Если Диккенс и грешил против реализма, то лишь в двух случаях: когда хотел во что бы то ни стало вселять надежду в сердца людей и когда находился в плену у существующих сексуальных условностей; в остальных случаях его нельзя обвинить в сознательном пренебрежении правдой жизни. А необычным его мир был главным образом потому, что в реальности Диккенса больше удивительного и гротескного, чем в реальности, какой ее видит любой из нас.

Бесспорно, Диккенс немало удивился бы тем сложностям, которые обнаружили в его книгах нынешние литературные критики, но похвалы, расточаемые ему, убежденному реалисту, за его сказочность, ничуть не смутили бы его и только обрадовали. Ведь Диккенса никогда не покидает убеждение — примером тому «Домби и сын», — что правда в мире не за Блимберами с их страстью к собиранию фактов, а за такими, как Глаб, этим стариком «с лицом, напоминающим краба, в потертом клеенчатом костюме», который возил колясочку Поля Домби и знал «…все об океане, о рыбах, которые в нем водятся, и об огромных чудищах, которые выползают на скалы и греются на солнце, и снова ныряют в воду, если их испугать, и так пыхтят и плещутся, что их слышно за много миль». Эти чудища постоянно появляются на страницах романов Диккенса. Его душа протестует против заведения Блимбера, в котором, как величественно объявляет мисс Блимбер, «нет места для разных Глабов».

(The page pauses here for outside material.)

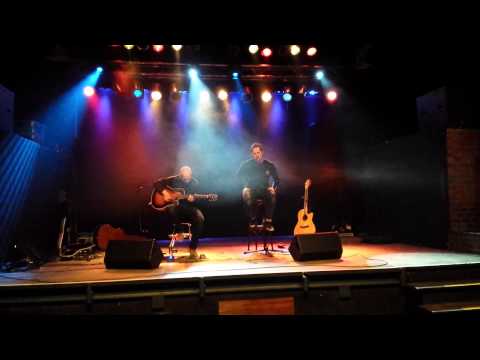 Wasted Aims - December (Akustisch) beim Benefizkonzert im Kuba, Jülich am 20.03.2015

Впечатление, которое произвели на маленького Поля Домби морские чудища старого Глаба, наводит нас на мысль, что иная самодельная сказка, услышанная от матери или няни, не уступит по силе воздействия легенде или мифу, а порой даже затмит собой всем знакомую волшебную сказку. Как раз в счастливые дни, проведенные на Орднанс Террас в Чэтэме, у Диккенса впервые появилась няня — звали ее Мэри Уэллер. Вполне естественно, что няня для ребенка, никому в ту пору не известного, не оставила по себе особого воспоминания. Важно другое: все воспоминания о ней Диккенса настолько противоречивы, что, не будь у нас точных сведений, мы, пожалуй, решили бы, что у писателя было две няни: одна — добрая и ласковая, а вторая злая (все та же диккенсовская антитеза).